April 29, 2014
This article was reported by Healio.
Healio reported on a study of the effect of long-term exposure to antiretrovirals (ARVs) and increased diabetes risk in HIV-positive individuals. Researchers conducted a retrospective observational study using 1994-2011 data from the South Carolina Medicaid system and the HIV/AIDS reporting system databases.
Researchers compared data on 6,816 HIV-positive individuals ages 18 and older with data on HIV-negative individuals matched for age, race/ethnicity, gender, and length and year of enrollment. Researchers also tracked the types of ARVs the HIV-positive patients used during the study and incidence rate of diabetes per 1,000 person-years of follow-up for HIV-positive and HIV-negative individuals.
Results show that diabetes incidence was higher in the HIV-negative individuals than in the HIV-positive individuals and there was a much lower risk of diabetes among HIV-positive individuals treated with combination ARVs. HIV-positive individuals with long-term exposure to protease inhibitors had a higher diabetes risk, but HIV-positive individuals treated with non-nucleoside reverse transcriptase inhibitors did not share this higher risk.
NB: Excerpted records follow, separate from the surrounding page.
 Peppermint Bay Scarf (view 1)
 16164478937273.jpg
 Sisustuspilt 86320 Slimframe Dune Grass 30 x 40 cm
The researchers found a correlation between diabetes risk and female gender, older age, non-white race, and preexisting conditions such as obesity, dyslipidemia, hypertension, and hepatitis C virus infection. The researchers suggest that preexisting conditions are the strongest diabetes predictors, but exposure to protease inhibitors may increase the risk significantly.
The full report, "Incidence of Diabetes Mellitus in a Population-Based Cohort of HIV-Infected and Non-HIV-Infected Persons: The Impact of Clinical and Therapeutic Factors Over Time," was published online in the journal Diabetic Medicine (2014; doi: 10.1111/dme.12455).